(5 years, 8 months ago)
Lords ChamberMy Lords, I strongly support what my noble friend Lord Berkeley said. I feel very passionately on this subject. First, one of the great things we have seen in the past two decades is the expansion of cross-border rail services. It is important for freight, where in the long term we want to try to take as much lorry traffic off the roads as possible, and it is also very important for expanding passenger networks across Europe and providing a real alternative to air travel, which has damaging effects on climate. I understand my noble friend’s concerns about why we are not promoting the maximum exchange of information and co-operation with our European partners in the event of Brexit.
Secondly, I would like assurances about rail services on the island of Ireland. This is very important to good relations between Britain and Ireland. The development of railways on the island of Ireland is a way of encouraging tourism in north and south. I would like to hear from the Minister that nothing is being done that will in any way be a barrier to the development of that co-operation.
My Lords, having left the station before the right of way signal, perhaps I can start again and apologise to the House for—mixing my metaphors—jumping the gun. On this occasion, I shall confine my remarks to the train driving regulations and will discuss the other matter later. I presume I will be in order, which will stop my noble friend on the Front Bench again waving at me in a somewhat frantic fashion.
As my noble friend Lord Berkeley says, I do not think we are getting clarification on these matters. I suspect confusion is likely to arise, depending on how these regulations are implemented. Irish railways have been mentioned. Can the Minister say whether the new licences to be issued for Northern Ireland will be specific to that part of the United Kingdom or be valid throughout the United Kingdom and whether they will be recognised on, for example, the Enterprise service between Belfast and Dublin? What discussions have taken place between our Government and the Irish Government about the future of that service?
How long will the new licences last? My noble friend mentioned a two-year interim period, but what happens after that? A lot of discussions need to take place as a result of this wretched decision that the Prime Minister is apparently going to insist upon. Whether she gets it through the other place remains to be seen.
How much discussion has there been about the long-term effect of this change? After all, train drivers are no longer required to retire by law, but they normally stop train driving in their 60s and many of them will have been driving for a considerable period. Will these licences need to be renewed on a regular basis?

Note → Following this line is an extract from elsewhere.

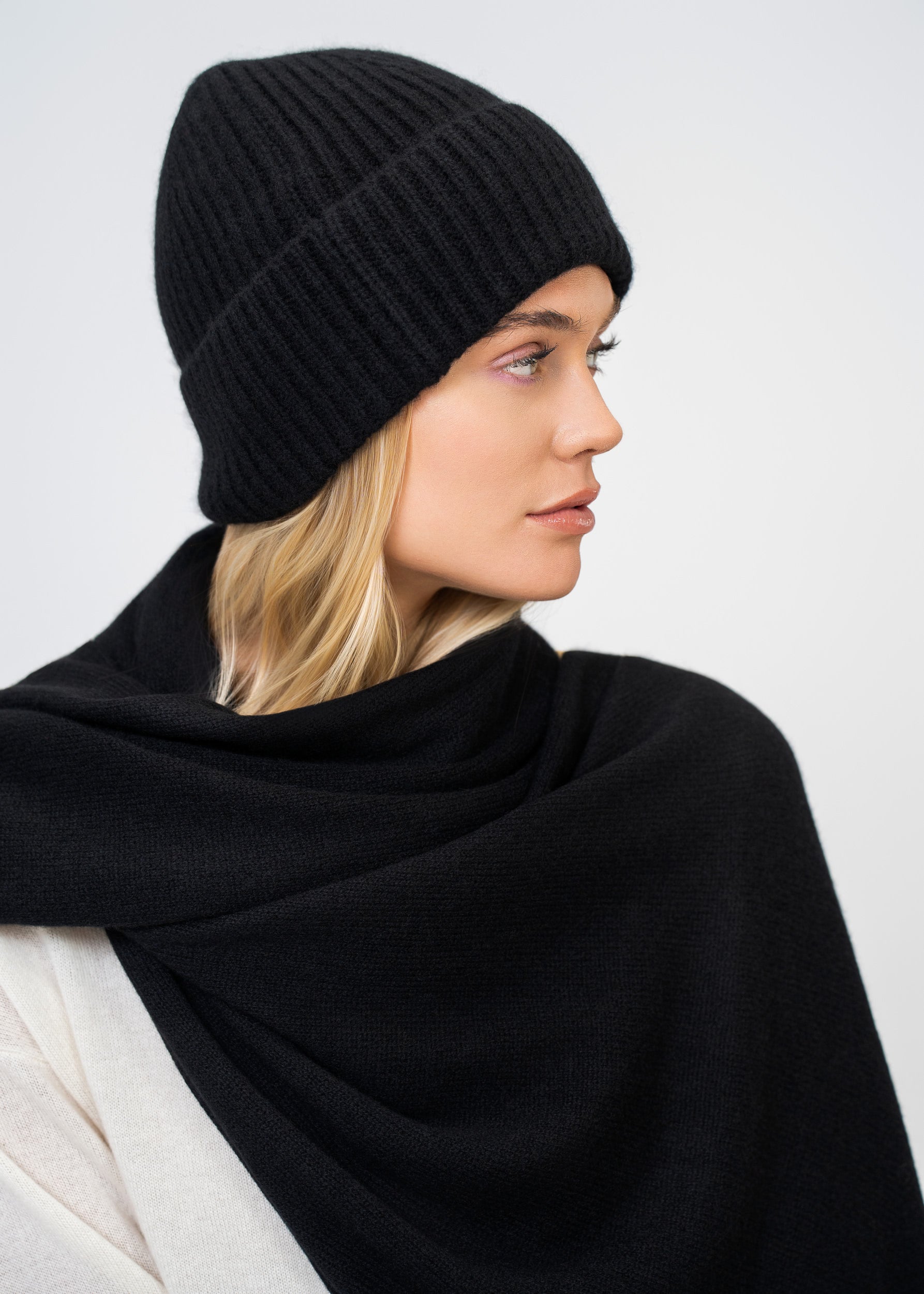 Kaschmir Mütze 100 % – Rippenstrick Luxus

Overall, this is another example of the bureaucracy that will be created as a result of this decision. Perhaps the Minister can tell us how many people in her department will have to be employed to issue the licences and check their validity. Perhaps she can also tell us whether the standards that are now commonplace across Europe will continue to be commonplace in the United Kingdom or whether, at the whim of this or some other Secretary of State, the conditions under which the licences are issued will be altered? These are all matters that result directly from the, in my view, disastrous decision that we are about to take.

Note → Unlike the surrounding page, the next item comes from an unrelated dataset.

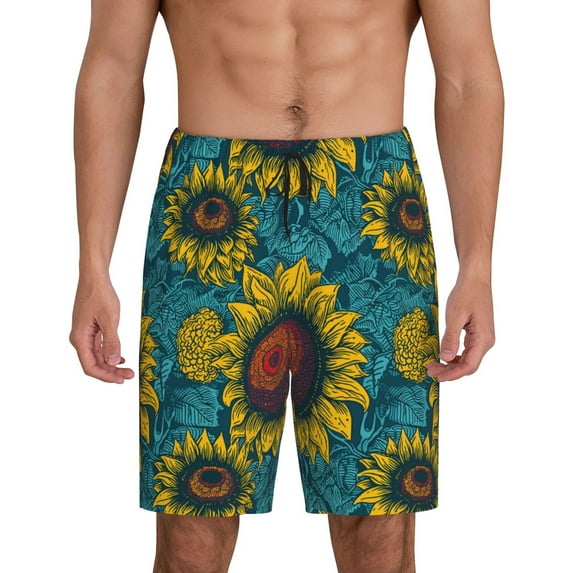 Wukai Sunflowers Men’s Short Pajama Pants With Pockets Soft Sleep Pj Shorts for Men-3X-Large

I will return to the other regulations at a proper time. They will possibly be even more likely to dislocate the railway industry than these regulations. However, there are still some outstanding questions about the licences, and I would be grateful if the Minister could at least take on board our fears and reassure us.
(5 years, 8 months ago)
Lords ChamberMy Lords, I support my noble friends Lord Berkeley and Lord Snape in their opposition to this measure and add my regrets that we are not pursuing a fatal Motion on this issue. My interest in this is personal. I am a railway clerk’s son from Carlisle and I have always been passionate about the railways. My first job in national politics was as special adviser to the noble Lord, Lord Rodgers of Quarry Bank, when he was Secretary of State for Transport, so I have a personal connection. Also, I happened to learn quite a lot about the detail of this SI from being a member of your Lordships’ EU Sub-Committee on the Internal Market, chaired so wonderfully by my noble friend Lord Whitty. The Secretary of State appeared as a witness before us on these questions and it was absolutely plain that the reason he wanted to withdraw from the European agency was nothing more than ideology. He could not stand the fact that standards would be set by Europe. That is what we face all the time from Ministers in this Government. There is no pragmatism about Brexit, so why do noble Lords think we are in trouble? It is because of that absolute absence of any pragmatism.
When we had that hour-long disquisition by the Secretary of State, I raised the issue of the manufacturing plants, which, as my noble friend Lord Snape said, are now foreign-owned but based in Britain. My noble friend Lord Adonis is not in his place but I know that a remarkable achievement of his—one of many, by the way—when he was Secretary of State for Transport was to get Hitachi to establish a plant in Durham that would manufacture trains.
I hate to interrupt my noble friend in full flow, but may I point out to him that that plant in Durham is not a manufacturing plant, it is an assembly plant? That is the great weakness of British industry these days. We put together materials and trains that are built elsewhere. That is what we are going to do in Durham.
I quite accept the point made by my noble friend but it is better than nothing and it provides hundreds of jobs in Durham. While my noble friend says it is just an assembly plant, how could such a plant operate in Britain if we decided to have different technical standards from those on the continent? That would completely destroy the business model on which that inward investment had been made.